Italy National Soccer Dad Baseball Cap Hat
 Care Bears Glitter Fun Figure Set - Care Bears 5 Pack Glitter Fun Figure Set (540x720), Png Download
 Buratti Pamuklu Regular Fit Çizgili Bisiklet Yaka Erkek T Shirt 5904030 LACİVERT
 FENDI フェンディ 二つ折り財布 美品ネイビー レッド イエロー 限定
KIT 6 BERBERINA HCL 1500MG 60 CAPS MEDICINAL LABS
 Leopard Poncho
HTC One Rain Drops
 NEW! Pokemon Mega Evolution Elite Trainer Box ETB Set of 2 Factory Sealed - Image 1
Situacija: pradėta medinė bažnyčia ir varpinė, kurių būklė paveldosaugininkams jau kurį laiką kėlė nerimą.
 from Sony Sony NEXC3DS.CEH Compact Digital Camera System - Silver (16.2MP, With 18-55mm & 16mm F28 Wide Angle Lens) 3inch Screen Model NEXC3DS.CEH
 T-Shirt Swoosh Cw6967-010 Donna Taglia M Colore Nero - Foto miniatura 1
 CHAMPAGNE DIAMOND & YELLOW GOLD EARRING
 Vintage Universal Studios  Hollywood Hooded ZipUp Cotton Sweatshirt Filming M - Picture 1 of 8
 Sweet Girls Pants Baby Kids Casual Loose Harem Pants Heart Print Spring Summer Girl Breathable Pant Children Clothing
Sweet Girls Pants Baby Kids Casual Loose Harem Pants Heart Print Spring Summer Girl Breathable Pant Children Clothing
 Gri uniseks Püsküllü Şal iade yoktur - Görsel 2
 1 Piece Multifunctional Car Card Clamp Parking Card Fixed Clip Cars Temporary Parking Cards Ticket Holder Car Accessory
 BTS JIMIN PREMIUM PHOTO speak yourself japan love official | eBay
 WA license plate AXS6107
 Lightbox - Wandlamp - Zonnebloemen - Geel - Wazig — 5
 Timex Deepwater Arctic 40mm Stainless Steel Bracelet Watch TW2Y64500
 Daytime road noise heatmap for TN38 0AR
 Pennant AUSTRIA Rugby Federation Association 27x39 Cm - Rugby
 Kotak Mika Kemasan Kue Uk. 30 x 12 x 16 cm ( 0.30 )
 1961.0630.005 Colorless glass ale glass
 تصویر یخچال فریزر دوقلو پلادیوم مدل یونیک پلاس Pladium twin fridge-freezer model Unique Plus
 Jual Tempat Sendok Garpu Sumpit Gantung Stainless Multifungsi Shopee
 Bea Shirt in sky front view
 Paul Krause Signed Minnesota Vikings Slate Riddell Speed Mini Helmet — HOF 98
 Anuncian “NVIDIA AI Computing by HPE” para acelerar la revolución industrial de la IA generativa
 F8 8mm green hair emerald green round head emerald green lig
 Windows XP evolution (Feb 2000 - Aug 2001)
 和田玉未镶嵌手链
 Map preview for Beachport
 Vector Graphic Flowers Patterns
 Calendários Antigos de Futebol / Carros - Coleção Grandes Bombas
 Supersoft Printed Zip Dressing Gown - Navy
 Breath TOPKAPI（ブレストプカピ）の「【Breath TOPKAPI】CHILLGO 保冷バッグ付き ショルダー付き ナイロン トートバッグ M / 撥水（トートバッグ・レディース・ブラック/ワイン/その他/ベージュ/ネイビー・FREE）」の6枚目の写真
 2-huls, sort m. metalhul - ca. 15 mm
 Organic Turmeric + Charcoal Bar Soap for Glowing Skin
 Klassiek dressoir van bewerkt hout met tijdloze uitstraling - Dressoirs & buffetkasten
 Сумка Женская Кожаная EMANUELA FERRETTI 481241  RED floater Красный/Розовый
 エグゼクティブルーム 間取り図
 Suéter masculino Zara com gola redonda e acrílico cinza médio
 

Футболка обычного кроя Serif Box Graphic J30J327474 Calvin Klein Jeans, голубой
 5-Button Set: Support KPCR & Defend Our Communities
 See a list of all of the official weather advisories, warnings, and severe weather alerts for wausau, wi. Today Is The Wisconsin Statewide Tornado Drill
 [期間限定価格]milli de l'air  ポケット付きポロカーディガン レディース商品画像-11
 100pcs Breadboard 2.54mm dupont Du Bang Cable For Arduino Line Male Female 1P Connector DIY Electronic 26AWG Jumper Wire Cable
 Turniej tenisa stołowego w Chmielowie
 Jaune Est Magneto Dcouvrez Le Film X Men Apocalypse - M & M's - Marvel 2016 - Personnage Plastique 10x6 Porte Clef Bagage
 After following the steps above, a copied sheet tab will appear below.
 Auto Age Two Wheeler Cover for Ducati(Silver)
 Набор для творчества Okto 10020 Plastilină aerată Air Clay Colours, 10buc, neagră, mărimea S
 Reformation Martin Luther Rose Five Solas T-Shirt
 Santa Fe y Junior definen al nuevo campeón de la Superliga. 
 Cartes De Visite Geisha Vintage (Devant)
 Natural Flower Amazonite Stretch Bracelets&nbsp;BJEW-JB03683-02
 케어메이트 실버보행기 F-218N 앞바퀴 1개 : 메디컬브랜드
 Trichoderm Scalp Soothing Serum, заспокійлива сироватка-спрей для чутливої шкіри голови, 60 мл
----------
Output, from the data above, the lines from the line with "WA license plate AXS6107" to the line with "Pennant AUSTRIA Rugby" exactly as they stand, both ends included and nothing else.

 WA license plate AXS6107
 Lightbox - Wandlamp - Zonnebloemen - Geel - Wazig — 5
 Timex Deepwater Arctic 40mm Stainless Steel Bracelet Watch TW2Y64500
 Daytime road noise heatmap for TN38 0AR
 Pennant AUSTRIA Rugby Federation Association 27x39 Cm - Rugby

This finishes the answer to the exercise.